'Contrition' addresses pedophilia, revenge and the right to reinsertion in the key of a 'thriller'

A fortuitous fire causes the death of a drunk with a criminal record for sexual crimes.

Oliver Thansan
Oliver Thansan
23 May 2023 Tuesday 22:48
4 Reads
'Contrition' addresses pedophilia, revenge and the right to reinsertion in the key of a 'thriller'

A fortuitous fire causes the death of a drunk with a criminal record for sexual crimes. The case hardly deserves a brief in the local paper. But things are not always what they seem and what the police initially consider a very clear case begins to show blurred and increasingly sordid contours. As the tenacity of a journalist unravels the skein, the true dimension of Contrition (Norma Editorial) is also glimpsed, a comic book that drags the reader from its first page and that is masterfully led by Carlos Portela and the Keko cartoonist.

Contrition's starting point is powerful. The title refers to the name of a small town in Florida, an urbanization rather, where sexual predators with firm convictions reside. They live there because, under the laws of that state, they are required to reside within 1,000 feet of a school or day care center. Contrition, the town, is thus a kind of swamp, a rotten and stagnant place where society removes its remains after they have served their sentence. Like plagued, like lepers. This town away from everything is nothing but a way of living in a life sentence.

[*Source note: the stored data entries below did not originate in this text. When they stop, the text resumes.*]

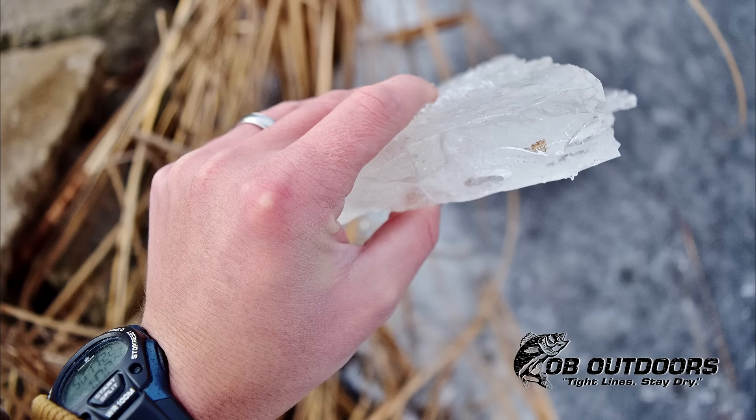We've got some warmer temps forecasted this week, and I'm sure the ice is just going to completely deteriorate by the Skipper Buds area, so I'll keep an eye on that and keep you guys in the loop.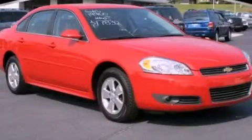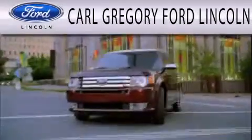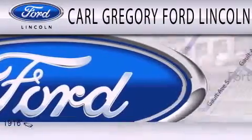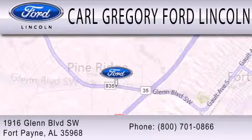Contact us today to arrange your test drive. Carl Gregory Ford Lincoln is dedicated to doing everything possible to ensure that the experience you have selecting your next vehicle is as pleasant as possible. We are located at 1916 Glen Boulevard Southwest in Fort Payne.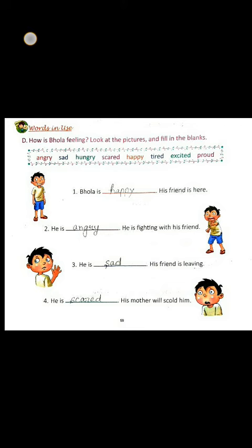Number 3. Here the picture looks so sad. So the answer will be sad. He is sad. His friend is leaving.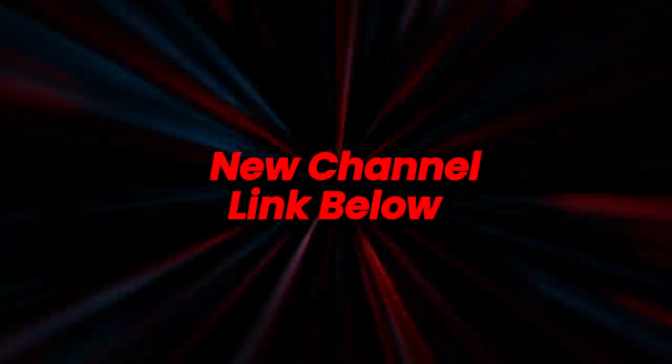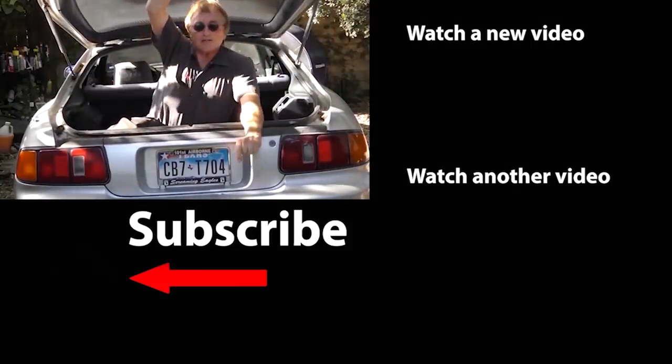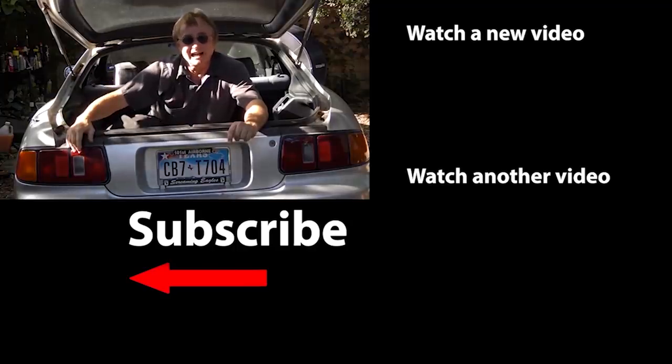If you never want to miss another one of my new car repair videos, remember to ring that bell.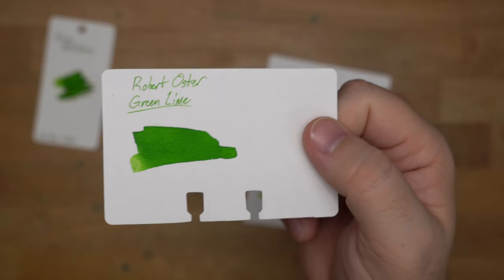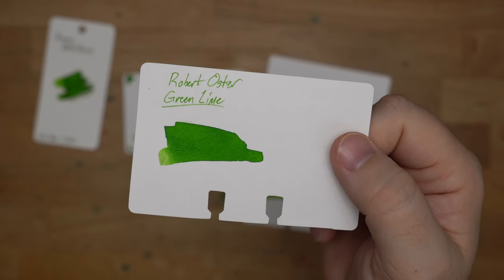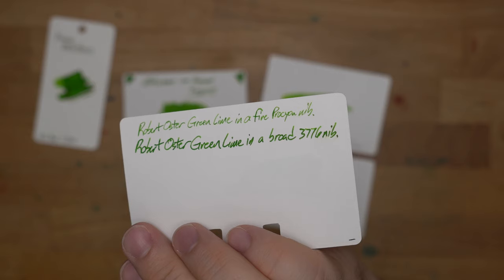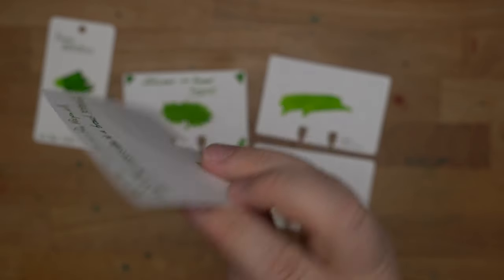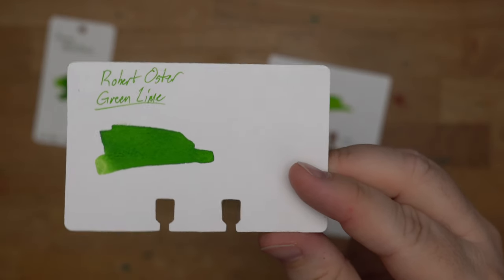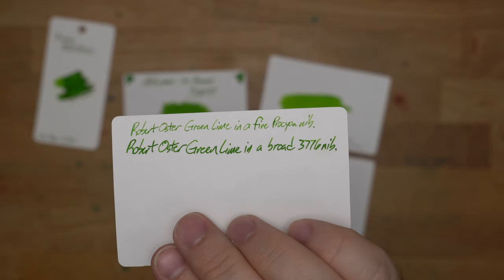Last up, Robert Oster Green Lime. This is one I definitely have used — it is a gorgeous limey sort of green, really pretty. Here's a couple of samples: a broad 3776 and a fine Platinum Procyon nib. I think it looks better in the broader nibs personally, but that's because I like my greens a little bit darker and this tends to be kind of on the lighter side. It can look entirely different depending on what kind of nib you put it in.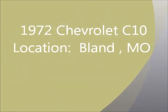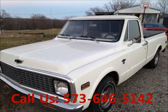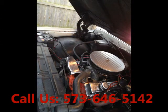Welcome to United Car Exchange. 1972 Chevrolet C10 truck. Exterior color white and interior color gray. Two-door. Engine: eight-cylinder. Automatic transmission. Fuel: gasoline.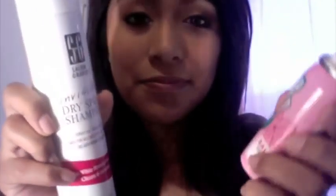I have two right here. This one is the Sally's Invisible Dry Shampoo. And then this one is Batiste Dry Shampoo, and this is in Blush scent. This is the travel size — there's a bigger one but when I went to Sally's Beauty Supply they didn't have it.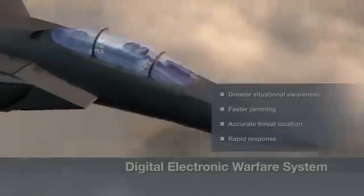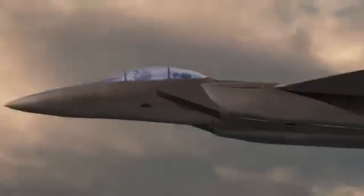Equipped with next-generation avionics and sensors such as the digital electronic warfare system and AESA radar, this new F-15 can quickly detect, identify, and respond to any threat.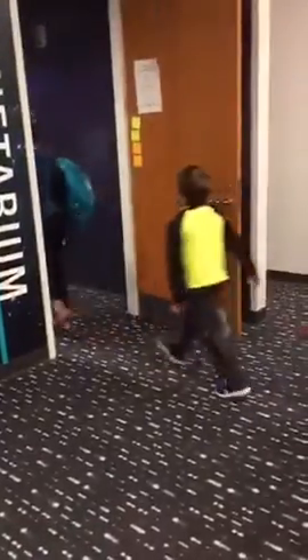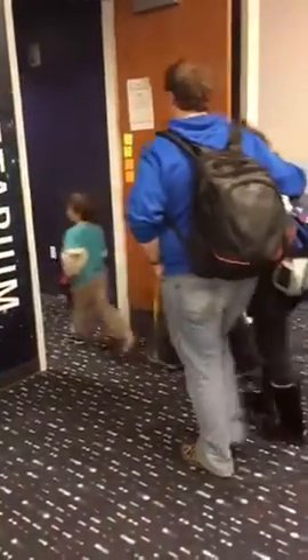So come on in, find a seat. And has everybody signed up on the sheet? If not, I can just do a head count.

Contrition means contrition, that is, "repentance for a crime committed", according to the RAE. And that's where this graphic novel begins to reveal its ability to rise from the simple thriller and delve into moral questions that multiply the interest of this album. Because, indeed, one of Contrition's great successes is its ability to introduce several stories within the same plot. Beyond the detective story derived from the initial fire, new and delicate questions arise around guilt, repentance, the possibility of reinsertion of sexual predators, pedophilia, revenge or forgiveness.

The screenwriter Carlos Portela manages to catch the reader from the beginning. Throughout six chapters he shows the inhospitable place where these outlaws live, while chaining other stories that will come together in the main plot. The most shocking is that of young Josh, a victim of school abuse. His story is told with effectiveness and a memorable narrative economy, without explaining more than it should, without stretching out unnecessarily. Forcefully explaining a thorny issue. An episode that certifies the good work of Portela in this work, where only a somewhat more generous extension would have been desirable in the final chapter, a detail that, however, does not tarnish the great final result of this work. Portela has written scripts for highly recommended comics such as La cuenta atrás, about the Prestige catastrophe, and for such popular television series as Velvet or Las chicas del cable.

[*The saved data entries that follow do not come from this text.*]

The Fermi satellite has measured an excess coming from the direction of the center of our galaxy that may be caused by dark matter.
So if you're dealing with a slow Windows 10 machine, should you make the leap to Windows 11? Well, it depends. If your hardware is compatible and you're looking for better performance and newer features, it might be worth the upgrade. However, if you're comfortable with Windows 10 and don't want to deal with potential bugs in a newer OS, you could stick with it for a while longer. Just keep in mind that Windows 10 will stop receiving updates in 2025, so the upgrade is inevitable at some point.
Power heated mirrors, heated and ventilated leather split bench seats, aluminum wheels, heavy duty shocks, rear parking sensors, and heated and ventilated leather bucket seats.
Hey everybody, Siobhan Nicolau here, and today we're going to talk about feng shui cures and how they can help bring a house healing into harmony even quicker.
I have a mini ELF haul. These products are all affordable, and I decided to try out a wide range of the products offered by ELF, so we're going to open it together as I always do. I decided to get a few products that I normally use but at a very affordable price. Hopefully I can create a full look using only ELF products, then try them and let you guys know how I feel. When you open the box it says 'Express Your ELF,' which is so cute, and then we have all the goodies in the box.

Another major success must be attributed to Keko's drawing. In Contrition, the man from Madrid uses a memorable black and white drawing, right from the cover, where he condenses the duality of the world he portrays: the relaxed and almost idyllic position of a man sitting in the garden of his house next to the sign that warns the visitor that a sexual predator lives there. It is an image that embodies the unfolded world that this album describes. What is seen and what is not seen. What we really are and what we represent to be.

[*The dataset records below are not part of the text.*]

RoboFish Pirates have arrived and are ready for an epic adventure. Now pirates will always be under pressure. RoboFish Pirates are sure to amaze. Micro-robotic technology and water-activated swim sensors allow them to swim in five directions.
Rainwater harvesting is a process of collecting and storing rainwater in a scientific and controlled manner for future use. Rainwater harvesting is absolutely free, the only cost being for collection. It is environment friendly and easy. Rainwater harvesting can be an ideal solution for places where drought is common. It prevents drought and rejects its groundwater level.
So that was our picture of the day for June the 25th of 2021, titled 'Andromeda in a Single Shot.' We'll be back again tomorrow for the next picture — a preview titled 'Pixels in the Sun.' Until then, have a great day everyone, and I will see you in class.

It seemed logical that such a dark story could only be told without a drop of color. However, Keko is not satisfied with using a conventional black color in his pages. Quite the opposite. This is a black full of shades, swampy like the place he describes, or like the souls that inhabit it. As if the black masses of these cartoons had been filled with mud and not ink. As if that color was there not to show but to hide something, to erase traces.

Keko's good work is not news. The most veteran reader will remember his extraordinary album Livingston against Fumake (1987), with a script by Mique Beltrán, reissued a couple of years ago. Then came works like 4 boots, awarded Best Work at the 2003 Comic Fair, and above all the impressive selfish trilogy –or trilogy of the self– with a script by Antonio Altarriba: Yo, assassin; I, crazy and I, liar. Perhaps the only truly surprising thing is that Keko's drawing, which has always been excellent, in Contrition is perhaps better. Take a walk through Contrition, it's worth it.